Eduardo inspirou fundo e, em tom frio, disse: "Dona Regina, a partir de agora, deixe que a Srta. Franco faça todo o serviço doméstico. Você será responsável por supervisionar. Se ela não obedecer, me avise. Se você encobri-la, pode esquecer o seu salário. Depois das oito da noite, todas as tarefas serão feitas apenas por ela; vocês podem ir embora."
Existem muitas formas de te fazer sofrer, Yara. Quero ver se você ainda vai se atrever a falar comigo desse jeito.
"Sim, Sr. Henriques!" Dona Regina curvou-se e assentiu com a cabeça.
Eduardo franziu a testa, seu olhar gélido e severo: "Saia."
Dona Regina lançou um olhar para Yara, que a acompanhou, deixando o escritório junto com a governanta.

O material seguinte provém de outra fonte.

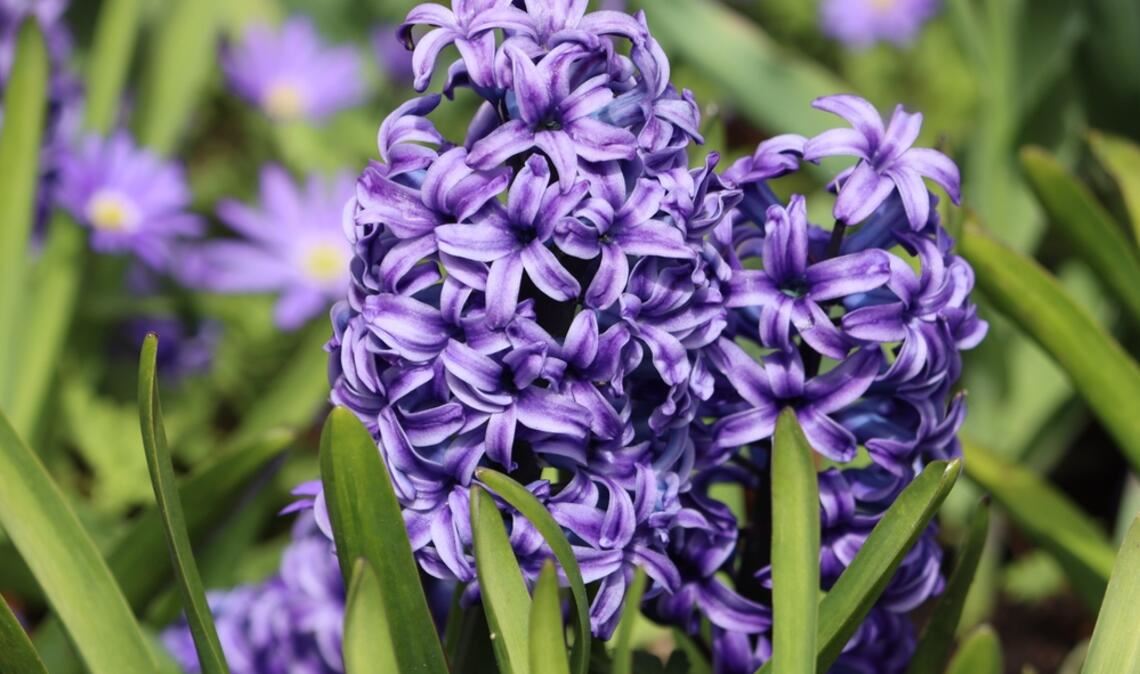 Erfahren Sie, welche Blumen man bereits im März pflanzen kann. Die schönsten Frühblüher für Balkon & Garten im Überblick.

Só ao sair, Yara sentiu que podia respirar normalmente de novo.
"Dona Regina, seu patrão é assustador demais. Vocês nunca pensaram em pedir demissão?" Yara bateu no peito, ainda sentindo as pernas bambas por causa do momento tenso no escritório.
"Srta. Franco, nosso senhor não é sempre assim! E, além disso, os benefícios dos empregados aqui são ótimos!" Dona Regina sorriu para Yara.

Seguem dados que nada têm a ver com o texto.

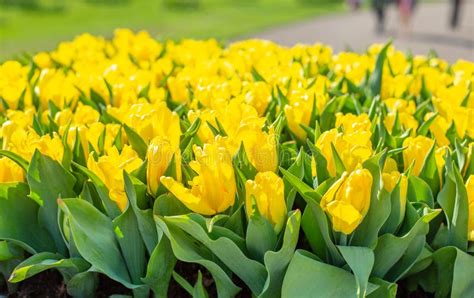 Floral Spring Background Yellow Tulips Traditional Easter Flowers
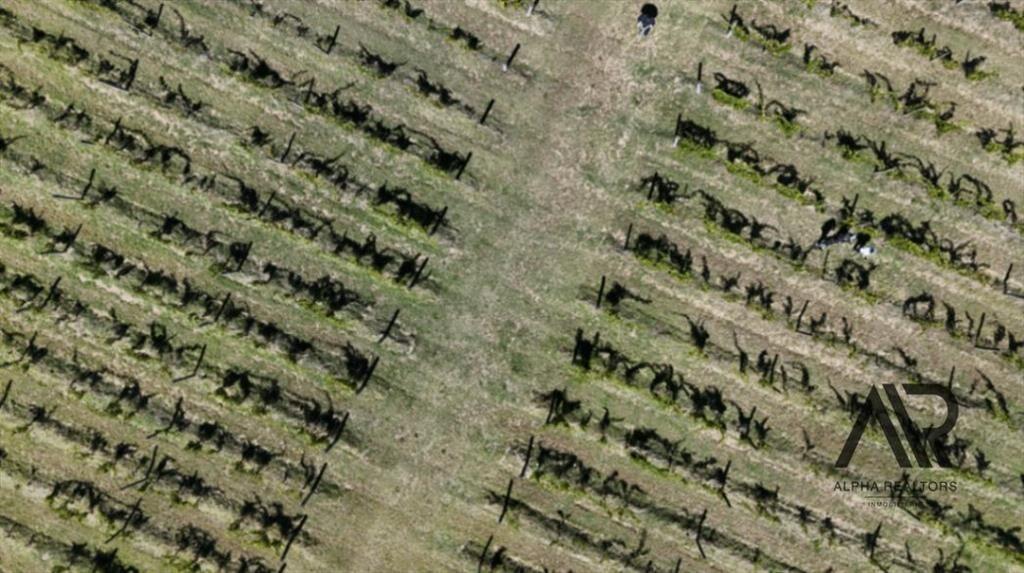 Campo en venta de 69ha ubicado en Atlántida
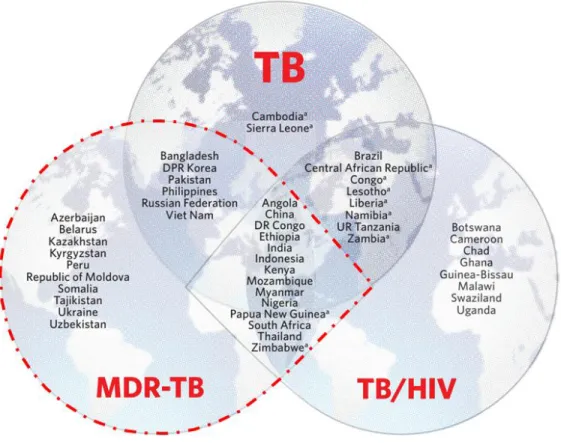 Figure 7. Liste des pays les plus sévèrement touchés par la TB, la TB-MR et la coinfection  TB/VIH définis par l’OMS pour la période 2016-2020 (OMS, 2018a)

Dona Regina a levou até o vestiário dos funcionários e escolheu para ela um uniforme de empregada.
Em detalhes, Dona Regina apresentou a Yara todas as tarefas que ela deveria realizar diariamente.
Desde cuidar do jardim externo até a limpeza da casa principal, além das três refeições diárias de Eduardo…
Por que um homem solteiro precisava morar numa casa tão grande? Limpar tudo aquilo era exaustivo e tomava um tempo enorme.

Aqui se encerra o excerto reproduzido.